> [What the exercise asks] For the listing below, return the line containing "Raspberries in the bowl and flowers", the line containing "A telescoping pole", and all lines in between, exactly as written and nothing else.

*** Block opens ***

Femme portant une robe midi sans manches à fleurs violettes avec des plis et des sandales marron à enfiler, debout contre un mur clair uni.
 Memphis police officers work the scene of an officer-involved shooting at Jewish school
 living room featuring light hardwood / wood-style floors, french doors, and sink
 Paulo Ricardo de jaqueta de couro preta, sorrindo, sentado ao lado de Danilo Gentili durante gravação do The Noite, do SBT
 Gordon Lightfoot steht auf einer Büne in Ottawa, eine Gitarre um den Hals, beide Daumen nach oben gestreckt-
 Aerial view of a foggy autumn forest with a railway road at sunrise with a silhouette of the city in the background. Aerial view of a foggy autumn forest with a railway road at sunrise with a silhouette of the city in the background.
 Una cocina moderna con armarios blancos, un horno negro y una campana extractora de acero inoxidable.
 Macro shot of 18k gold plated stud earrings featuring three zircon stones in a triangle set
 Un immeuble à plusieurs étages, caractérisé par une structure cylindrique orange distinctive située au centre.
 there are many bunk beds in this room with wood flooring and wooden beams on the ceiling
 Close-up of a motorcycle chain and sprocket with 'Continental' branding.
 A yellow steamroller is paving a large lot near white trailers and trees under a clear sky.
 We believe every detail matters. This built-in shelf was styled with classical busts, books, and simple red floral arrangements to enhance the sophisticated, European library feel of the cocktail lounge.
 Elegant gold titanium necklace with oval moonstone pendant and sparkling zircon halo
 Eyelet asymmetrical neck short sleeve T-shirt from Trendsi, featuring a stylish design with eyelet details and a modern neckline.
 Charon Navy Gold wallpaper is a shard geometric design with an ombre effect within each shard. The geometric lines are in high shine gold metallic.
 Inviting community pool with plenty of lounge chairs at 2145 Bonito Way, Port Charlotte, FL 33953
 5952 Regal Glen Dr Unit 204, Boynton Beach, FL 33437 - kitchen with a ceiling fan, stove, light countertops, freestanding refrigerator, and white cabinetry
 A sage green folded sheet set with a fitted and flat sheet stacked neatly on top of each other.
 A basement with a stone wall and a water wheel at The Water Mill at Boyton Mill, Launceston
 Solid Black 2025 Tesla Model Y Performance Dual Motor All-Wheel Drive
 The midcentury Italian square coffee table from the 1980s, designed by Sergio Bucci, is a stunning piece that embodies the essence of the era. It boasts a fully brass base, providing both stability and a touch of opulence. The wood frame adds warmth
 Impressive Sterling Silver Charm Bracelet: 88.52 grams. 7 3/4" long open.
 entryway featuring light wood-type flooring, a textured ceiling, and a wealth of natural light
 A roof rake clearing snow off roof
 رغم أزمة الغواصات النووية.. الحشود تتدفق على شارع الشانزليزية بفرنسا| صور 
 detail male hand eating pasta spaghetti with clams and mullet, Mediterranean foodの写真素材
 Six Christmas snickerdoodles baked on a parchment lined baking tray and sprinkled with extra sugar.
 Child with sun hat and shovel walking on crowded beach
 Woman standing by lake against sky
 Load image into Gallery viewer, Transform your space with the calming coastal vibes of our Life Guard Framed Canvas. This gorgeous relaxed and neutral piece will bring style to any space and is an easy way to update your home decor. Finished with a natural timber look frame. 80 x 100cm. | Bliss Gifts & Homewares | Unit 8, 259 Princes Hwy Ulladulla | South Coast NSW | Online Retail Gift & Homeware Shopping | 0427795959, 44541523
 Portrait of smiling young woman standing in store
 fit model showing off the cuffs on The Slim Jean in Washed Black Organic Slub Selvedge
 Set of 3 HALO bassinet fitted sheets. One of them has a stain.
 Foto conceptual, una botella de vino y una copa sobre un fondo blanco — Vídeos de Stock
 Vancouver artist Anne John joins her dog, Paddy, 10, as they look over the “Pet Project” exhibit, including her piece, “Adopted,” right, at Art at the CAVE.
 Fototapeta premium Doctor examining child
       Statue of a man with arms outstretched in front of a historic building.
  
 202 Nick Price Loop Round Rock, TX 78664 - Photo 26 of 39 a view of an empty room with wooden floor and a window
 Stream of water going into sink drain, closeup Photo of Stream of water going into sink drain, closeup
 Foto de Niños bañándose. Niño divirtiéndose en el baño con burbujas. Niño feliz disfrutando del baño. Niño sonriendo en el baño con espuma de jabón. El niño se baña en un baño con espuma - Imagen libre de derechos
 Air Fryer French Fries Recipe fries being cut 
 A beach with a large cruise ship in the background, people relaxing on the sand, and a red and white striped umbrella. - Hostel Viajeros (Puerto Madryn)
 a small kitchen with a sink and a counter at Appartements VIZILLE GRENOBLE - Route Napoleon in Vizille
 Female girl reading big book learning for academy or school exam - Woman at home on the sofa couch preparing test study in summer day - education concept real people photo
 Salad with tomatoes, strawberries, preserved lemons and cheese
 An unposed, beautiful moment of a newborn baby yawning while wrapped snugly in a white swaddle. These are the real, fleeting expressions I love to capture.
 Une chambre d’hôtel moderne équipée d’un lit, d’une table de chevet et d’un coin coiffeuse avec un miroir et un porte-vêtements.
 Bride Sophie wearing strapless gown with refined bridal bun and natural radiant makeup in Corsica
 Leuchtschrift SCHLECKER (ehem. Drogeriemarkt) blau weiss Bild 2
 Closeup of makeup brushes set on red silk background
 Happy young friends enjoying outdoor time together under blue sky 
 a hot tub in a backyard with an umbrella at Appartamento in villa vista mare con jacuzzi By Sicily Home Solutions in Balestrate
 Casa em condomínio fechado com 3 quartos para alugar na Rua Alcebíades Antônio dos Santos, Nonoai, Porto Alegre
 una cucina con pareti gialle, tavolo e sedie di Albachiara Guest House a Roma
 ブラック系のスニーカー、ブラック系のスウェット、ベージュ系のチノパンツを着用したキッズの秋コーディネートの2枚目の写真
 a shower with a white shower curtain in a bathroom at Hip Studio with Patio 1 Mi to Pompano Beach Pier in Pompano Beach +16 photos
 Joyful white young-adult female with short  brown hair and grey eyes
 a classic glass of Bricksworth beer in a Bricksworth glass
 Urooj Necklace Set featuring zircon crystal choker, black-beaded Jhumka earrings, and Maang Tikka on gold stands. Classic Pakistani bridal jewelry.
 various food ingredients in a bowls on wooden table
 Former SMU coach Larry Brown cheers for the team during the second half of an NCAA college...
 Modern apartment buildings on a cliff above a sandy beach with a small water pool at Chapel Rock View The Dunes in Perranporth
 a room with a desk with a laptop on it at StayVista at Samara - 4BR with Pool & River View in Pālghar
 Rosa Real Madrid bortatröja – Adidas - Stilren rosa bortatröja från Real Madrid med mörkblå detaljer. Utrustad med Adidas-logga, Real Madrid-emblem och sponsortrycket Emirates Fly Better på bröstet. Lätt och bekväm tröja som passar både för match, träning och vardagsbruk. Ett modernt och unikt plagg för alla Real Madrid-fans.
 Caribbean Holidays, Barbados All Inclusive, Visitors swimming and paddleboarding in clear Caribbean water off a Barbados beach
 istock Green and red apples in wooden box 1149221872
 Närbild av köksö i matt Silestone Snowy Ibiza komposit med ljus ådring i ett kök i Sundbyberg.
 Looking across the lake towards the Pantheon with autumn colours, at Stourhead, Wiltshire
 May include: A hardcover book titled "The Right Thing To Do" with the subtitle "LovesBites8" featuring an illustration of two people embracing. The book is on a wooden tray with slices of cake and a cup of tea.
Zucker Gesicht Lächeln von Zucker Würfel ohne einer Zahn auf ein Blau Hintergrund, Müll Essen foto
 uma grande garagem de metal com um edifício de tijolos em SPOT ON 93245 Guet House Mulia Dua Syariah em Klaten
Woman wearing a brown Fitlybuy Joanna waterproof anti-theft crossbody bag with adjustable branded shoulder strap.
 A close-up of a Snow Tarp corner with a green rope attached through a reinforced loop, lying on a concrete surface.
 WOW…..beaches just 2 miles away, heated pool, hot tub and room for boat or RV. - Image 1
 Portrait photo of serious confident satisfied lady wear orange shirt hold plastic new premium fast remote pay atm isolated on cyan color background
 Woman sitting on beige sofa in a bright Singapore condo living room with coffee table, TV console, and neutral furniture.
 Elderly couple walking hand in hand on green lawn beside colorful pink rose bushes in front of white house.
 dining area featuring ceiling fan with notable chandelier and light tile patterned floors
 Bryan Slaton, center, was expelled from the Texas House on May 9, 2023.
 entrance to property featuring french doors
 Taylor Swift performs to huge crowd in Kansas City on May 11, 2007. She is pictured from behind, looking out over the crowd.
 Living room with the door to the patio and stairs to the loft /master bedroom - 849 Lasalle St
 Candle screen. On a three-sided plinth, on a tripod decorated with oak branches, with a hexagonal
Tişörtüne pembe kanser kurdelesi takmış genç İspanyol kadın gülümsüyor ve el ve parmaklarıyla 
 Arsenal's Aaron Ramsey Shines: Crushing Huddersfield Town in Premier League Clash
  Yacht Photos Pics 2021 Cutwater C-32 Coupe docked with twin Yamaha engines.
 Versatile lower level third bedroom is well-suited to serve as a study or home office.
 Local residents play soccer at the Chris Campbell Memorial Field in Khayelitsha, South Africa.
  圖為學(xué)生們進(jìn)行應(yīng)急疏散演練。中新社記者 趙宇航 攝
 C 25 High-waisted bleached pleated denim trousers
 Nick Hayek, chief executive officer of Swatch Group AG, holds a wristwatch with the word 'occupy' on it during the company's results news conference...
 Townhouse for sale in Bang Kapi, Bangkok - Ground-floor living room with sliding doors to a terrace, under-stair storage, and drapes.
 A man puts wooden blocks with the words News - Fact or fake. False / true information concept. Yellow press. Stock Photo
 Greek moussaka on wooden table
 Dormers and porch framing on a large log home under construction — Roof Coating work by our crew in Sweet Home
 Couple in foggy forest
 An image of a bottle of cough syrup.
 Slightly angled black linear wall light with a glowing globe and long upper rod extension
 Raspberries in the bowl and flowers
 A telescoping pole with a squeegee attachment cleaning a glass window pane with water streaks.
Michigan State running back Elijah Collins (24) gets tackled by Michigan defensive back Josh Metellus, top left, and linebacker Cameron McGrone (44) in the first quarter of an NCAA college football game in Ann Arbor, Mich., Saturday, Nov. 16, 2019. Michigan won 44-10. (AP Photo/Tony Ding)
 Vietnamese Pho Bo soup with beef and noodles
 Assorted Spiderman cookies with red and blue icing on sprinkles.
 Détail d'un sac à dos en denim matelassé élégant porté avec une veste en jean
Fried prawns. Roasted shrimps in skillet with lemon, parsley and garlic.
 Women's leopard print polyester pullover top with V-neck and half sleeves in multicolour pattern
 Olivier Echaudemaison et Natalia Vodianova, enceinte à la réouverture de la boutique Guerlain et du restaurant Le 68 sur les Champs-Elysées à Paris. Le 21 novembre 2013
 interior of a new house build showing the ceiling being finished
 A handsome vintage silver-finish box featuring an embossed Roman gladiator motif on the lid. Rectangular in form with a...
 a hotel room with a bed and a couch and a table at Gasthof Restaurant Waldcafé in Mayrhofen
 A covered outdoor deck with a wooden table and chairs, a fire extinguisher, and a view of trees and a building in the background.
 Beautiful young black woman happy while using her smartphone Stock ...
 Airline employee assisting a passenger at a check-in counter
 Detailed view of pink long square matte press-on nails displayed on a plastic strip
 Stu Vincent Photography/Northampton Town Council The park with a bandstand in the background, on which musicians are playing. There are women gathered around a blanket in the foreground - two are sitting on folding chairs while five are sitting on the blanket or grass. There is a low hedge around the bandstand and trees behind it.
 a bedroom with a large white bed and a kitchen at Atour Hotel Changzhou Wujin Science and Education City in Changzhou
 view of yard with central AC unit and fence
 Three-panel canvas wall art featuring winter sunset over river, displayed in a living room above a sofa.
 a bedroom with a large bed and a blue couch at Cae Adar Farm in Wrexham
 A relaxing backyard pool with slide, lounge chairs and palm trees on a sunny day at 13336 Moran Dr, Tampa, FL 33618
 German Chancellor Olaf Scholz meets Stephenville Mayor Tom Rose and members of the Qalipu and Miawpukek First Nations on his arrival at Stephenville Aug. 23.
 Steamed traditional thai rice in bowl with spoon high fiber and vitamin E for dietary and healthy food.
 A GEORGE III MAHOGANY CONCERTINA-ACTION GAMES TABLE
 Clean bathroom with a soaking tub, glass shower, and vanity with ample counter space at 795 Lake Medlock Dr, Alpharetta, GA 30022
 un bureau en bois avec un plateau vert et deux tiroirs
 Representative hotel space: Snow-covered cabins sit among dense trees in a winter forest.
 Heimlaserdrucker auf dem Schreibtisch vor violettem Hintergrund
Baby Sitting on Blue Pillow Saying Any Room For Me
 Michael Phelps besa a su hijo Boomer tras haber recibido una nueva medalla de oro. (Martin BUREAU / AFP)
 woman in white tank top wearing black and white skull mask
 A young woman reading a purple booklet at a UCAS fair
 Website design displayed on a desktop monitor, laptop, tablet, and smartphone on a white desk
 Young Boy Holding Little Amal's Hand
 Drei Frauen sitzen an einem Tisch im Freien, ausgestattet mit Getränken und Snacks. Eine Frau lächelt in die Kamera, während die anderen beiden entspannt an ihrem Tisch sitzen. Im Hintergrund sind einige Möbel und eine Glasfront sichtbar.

*** Block closes ***

> [Finished task]
 Raspberries in the bowl and flowers
 A telescoping pole with a squeegee attachment cleaning a glass window pane with water streaks.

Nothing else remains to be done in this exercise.